On another song from Big Name, No Blankets, "Falling Down," there's a small detail that rings true of bush courtship. Murray describes a lover's tryst at sunset. The man sets out to meet his woman; she slips out to meet him and as she walks along the road "she lets her footprints fall in his." The full import of this escaped me until one day in Broome, I listened to Roy Wiggan tell stories about the many ways in which boys and girls got in trouble out in the bush, especially boys. He talked about how jealous boyfriends would follow their girlfriend's footprints, and then watch for places where another man's footprints crossed or seemed to follow hers. If they went in the same direction too far, the jealous boyfriend would often come out with his boomerang.

In the film Blackfella/Whitefella, much of the screen time is given over to Rrurrambu, whose flamboyant stage presence led to his characterization as a "Aborginal Bon Scott" (Scott was the lead singer of the Australian hard rock band AC/DC). Murray, as the other frontman, gets his share of camera time as well, and this is all within the conventions of the rock documentary. But in the long shots that capture the whole band, Gordon and Sammy Butcher strike me as more than unusually retiring. Their faces are almost always averted from the crowd and they give the first impression of being distinctly uncomfortable on the stage. Gordon Butcher looks up at the camera only as if to check whether it has turned its focus away from him. I was reminded of the Pintupi concept of kunta, which is variously translated as "shame" or "embarrassment," and is an appropriate behavior to exhibit when one is the center of attention in a group of people. I wonder if the feeling of being, literally, in the spotlight, could account for the Tjapanangkas' stage affect.

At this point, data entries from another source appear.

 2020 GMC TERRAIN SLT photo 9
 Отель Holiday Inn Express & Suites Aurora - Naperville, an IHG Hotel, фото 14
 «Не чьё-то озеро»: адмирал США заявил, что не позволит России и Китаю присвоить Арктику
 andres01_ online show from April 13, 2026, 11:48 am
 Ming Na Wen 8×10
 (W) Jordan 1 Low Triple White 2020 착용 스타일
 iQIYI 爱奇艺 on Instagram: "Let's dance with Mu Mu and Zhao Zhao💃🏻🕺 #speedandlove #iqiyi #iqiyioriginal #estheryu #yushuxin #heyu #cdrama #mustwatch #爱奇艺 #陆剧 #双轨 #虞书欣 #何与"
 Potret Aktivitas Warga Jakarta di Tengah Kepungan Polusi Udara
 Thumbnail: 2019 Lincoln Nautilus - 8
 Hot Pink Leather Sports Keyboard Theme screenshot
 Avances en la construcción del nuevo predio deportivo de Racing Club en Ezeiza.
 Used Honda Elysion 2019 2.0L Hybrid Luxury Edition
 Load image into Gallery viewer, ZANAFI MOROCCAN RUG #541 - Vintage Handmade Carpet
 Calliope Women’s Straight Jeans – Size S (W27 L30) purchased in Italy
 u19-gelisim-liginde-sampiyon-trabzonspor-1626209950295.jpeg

So it isn't just the obvious homeland anthem or the songs in language that make the Warumpi Band so important to me and to their other diehard fans. Yes, language was immensely important, and I can only imagine what people felt when they turned on the radio and heard rock 'n' roll in their native tongue. My command of Pintupi is limited to about two dozen words at best, most of them picked up on trips to Uluru. Anangu. Kata tjuta. Stuff like that. But when Rrrurrambu shouted "Anangu tjuta" in the middle of "Kintorelakutu" and I understood what he was saying, if only for an instant, it was a pretty amazing thrill for me.

But it's the intimacy of detail, the way that living with the Warumpis' music in my head continually enriches my readings and my experiences in Australia. How stories I hear suddenly make sense out of something in a song lyric, and vice-versa, and how that process continues after years, is what makes them important to me. At the end of Painting Culture, after Fred Myers has traced the development of Papunya Tula painting through three decades, he describes a homecoming of sorts in Sydney at the opening of the Genesis and Genius show. Fred is re-united after many years with his friends from the days at Yayayi, especially with Bobby West Tjupurrula. It's a very emotional section of the book; there's a sense of triumph for all parties involved, and it climaxes at the opening gala in the Art Gallery with the Warumpi Band playing one of their last gigs. When I read this, all I could think of was the conclusion of many a Shakespearian comedy, say, As You Like It, where all parties are reconciled, dissension put aside, and the music plays and the ensemble joins in a dance of celebration. Reflecting on the performance and its significance in light of the success of Papunya Tula, Fred has this to say, in part:

In ... its music, culture, and personnel, Warumpi was an expression of the emergent mixing of indigenous and white counterculture, a rejection of the Anglophilic or even the middle class--and in this lay the band's appeal for a new Australia rather similar to the appeal of the dot paintings. Both represent forms of collaboration between white and black, mixings of sensibility, a shifting of Aboriginal specificity into terms more easily assimilated within the sensibilities of the broader population. (Myers, Painting Culture, 350)

Or, to let the Warumpis have the final word:

Blackfella, whitefella
Yellafella, any fella
It doesn't matter what your colour
As long as you are true fella
Are you the one who's gonna stand up and be counted?